Lithium-ion (Li-ion) batteries are in widespread use in consumer electronics. Lithium batteries have become the industry standard for rechargeable storage devices. Lithium batteries are generally safe and unlikely to fail, but only so long as there are no defects, and the batteries are not damaged or mistreated. Despite their many advantages, lithium-ion batteries have the potential to overheat, catch fire, and cause explosions. So the answer is yes; lithium-ion batteries can pose a fire risk.
Fires involving lithium-ion battery-powered devices have been increasing at an alarming rate and have resulted in numerous injuries and fatalities. When people store and charge their devices inside their homes, garages or businesses, there is the potential for battery fires that lead to structure fires.
- cell phones
- hover boards
- power tools
- “smart” luggage
- These batteries store a large amount of energy in a small amount of space.
- Sometimes batteries are not used the right way; batteries not designed for a specific use can be dangerous.

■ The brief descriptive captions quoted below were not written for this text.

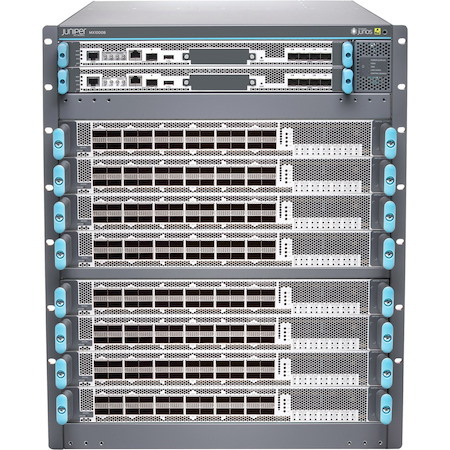 Juniper MX10008 Router Chassis
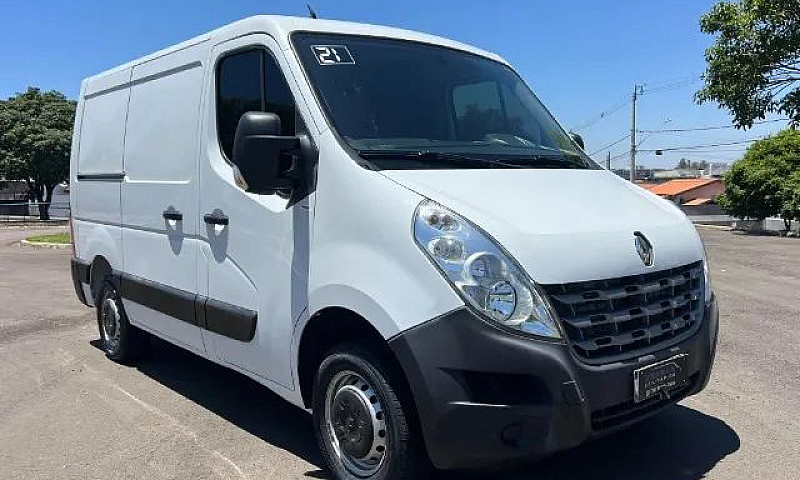 Renault Master 2.3 D...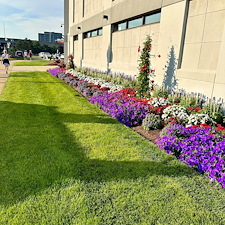 Hartford-HealthCare-Amphitheater-Lawn-Care-Program 2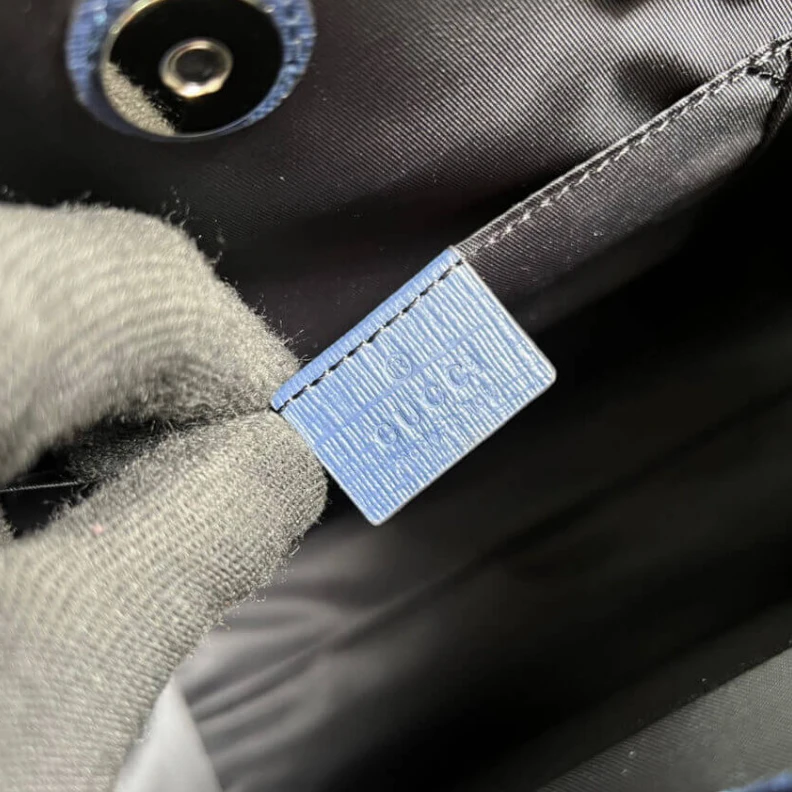 Replica bags lv Nylon lin Gucci Tote Bag Cat Print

- Like any product, a small number of these batteries are defective. They can overheat, catch fire, or explode.
Lithium-ion batteries are here to stay. The solution is not to throw away anything with a rechargeable battery, but there are steps to take that will minimize the chances of a fire.
- Purchase and use devices that are listed by a qualified laboratory, like Underwriters Labs (UL).

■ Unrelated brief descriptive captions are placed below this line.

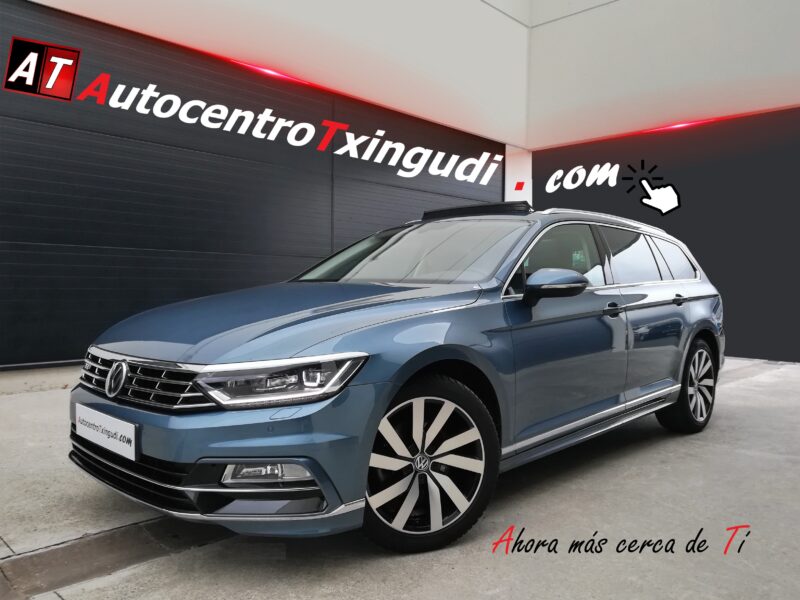 VOLKSWAGEN Passat Variant R-Line Sport 2.0 TDI 150 CV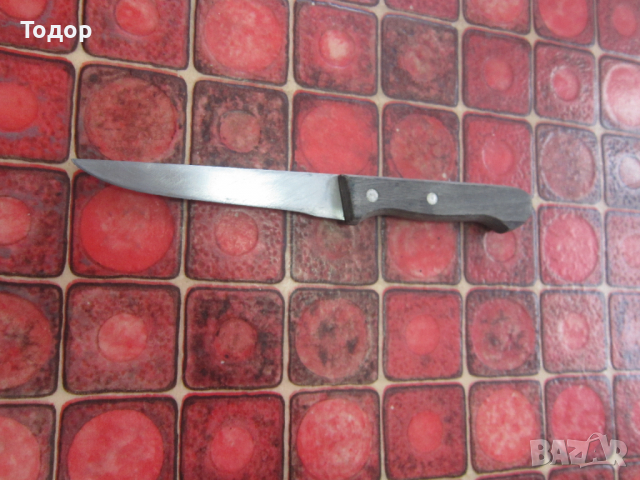Немски касапски нож 3, снимка 5 - Ножове - 36515546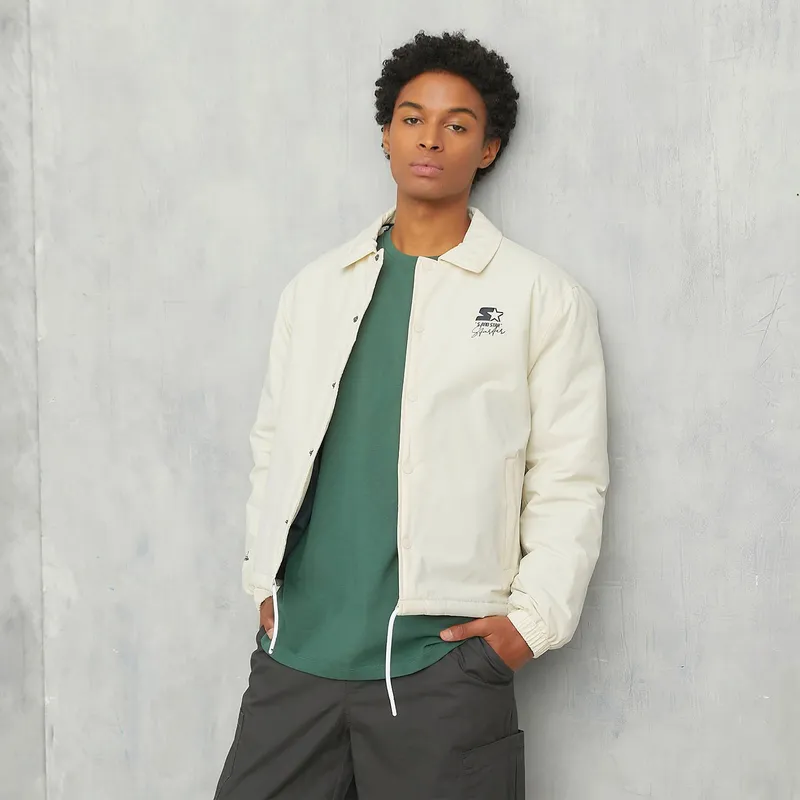 STARTER - Chaqueta Hombre Con Logo Starter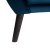 Диван Signal TREFL Welur 2 Синий TREFL2V86W-P фото - 2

- Always follow the device manufacturer’s instructions.
- Avoid crushing, bending, or dropping the device and charger.
- Avoid using a device in a highly damp or humid environment.
- Only use the battery that is designed for the device.
- Put batteries into the device correctly.
- Keep devices and lithium-ion batteries at room temperature.
- Store lithium-ion batteries away from anything that can catch fire.
- Do not place lithium-ion batteries in direct sunlight or keep them in hot vehicles.
- Only use the charging cord that came with the device.
- Avoid excessive charging.
- Don’t charge a device under your pillow, on your bed, or on a couch.
- Remove the batteries from an e-cigarette before placing in a pocket or purse.
- Do not put discarded lithium-ion batteries in piles.
- Do not throw batteries in the trash. These batteries are considered Household Hazardous Waste (HHW) and should not be placed in the trash.
- Take the batteries to a recycling center. HHW can be dropped off for free at Spokane County Regional Waste Disposal sites.
Signs of a Problem:
Stop using the device or battery if you notice any of the following problem signs:
- Change in color
- Too much heat
- Change in shape
- Odd noises
If any of the above happen and you feel in danger, move the device away from all items and call 9-1-1.